Left ventricular ejection fraction (LVEF) ≥50 %.
Females of child-bearing potential must have a negative pregnancy test during screening and all subjects must agree to use an effective method of contraception. A woman is eligible to enter and participate in the study if she is of:
1. Non-childbearing potential (i.e., physiologically incapable of becoming pregnant) including any female who has had a hysterectomy or has had a bilateral oophorectomy (ovariectomy).
2. Childbearing potential, has a negative serum pregnancy test during the screening period and agrees to avoid sexual activity or use contraception from screening through follow-up (method of birth control if the patient is not neutropenic include the use of a diaphragm, intrauterine device, contraceptive sponge and/or usage of male condom with a spermicide from the partner). A man with a female partner of childbearing potential is eligible to enter and participate in the study if he has either had a prior vasectomy or agrees to avoid sexual activity or use adequate contraception (as described above) from screening through follow-up.

Exclusion criteria

Patients with a diagnosis of Acute Promyelocytic Leukemia (APL) as defined by the World Health Organization.
Relapsed acute leukemia.
Bi-lineage or bi-phenotypic leukemia.
Prior use of mitoxantrone or etoposide or GO.
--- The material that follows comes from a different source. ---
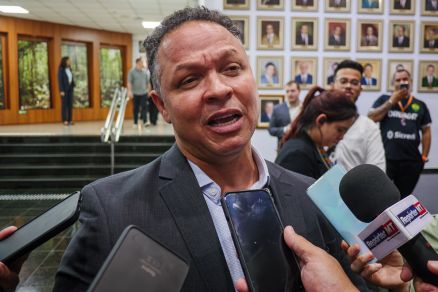 O prefeito de Rondon�polis, Cl�udio Ferreira, criticou a antiga gest�o do munic�pio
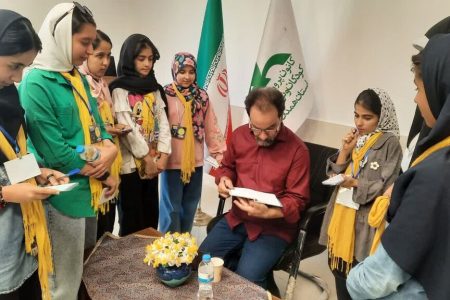 شعر حاصل اندیشه‌ و فکر شاعر است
Previous allogeneic hematopoietic cell transplantation.
First induction course of acute myeloid leukemia with CPX-351.
Has a history or current evidence of any condition, therapy, or laboratory abnormality that might confound the results of the trial, interfere with the subject's participation for the full duration of the trial, or is not in the best interest of the subject to participate, in the opinion of treating investigator.
Has known history of active Hepatitis B (HBsAg reactive) or Hepatitis C (detectable HCV RNA).
Uncontrolled, life-threatening infection that is not responding to antimicrobial therapy.
Has known psychiatric or substance abuse disorders that would interfere with cooperation with the requirements of the trial.
Patient may have not received any other investigational anti-neoplastic agents within 4 weeks from the start of therapy.
Concurrent active malignancy; exceptions include patients who have been disease free for 5 years, patients with a history of completely resected non-melanoma skin cancer or successfully treated in situ carcinoma, or patients with another malignancy with better prognosis than AML.
Women who are pregnant or breastfeeding.
Evidence of severe or uncontrolled systemic diseases (e.g., unstable or uncompensated respiratory or cardiac disease).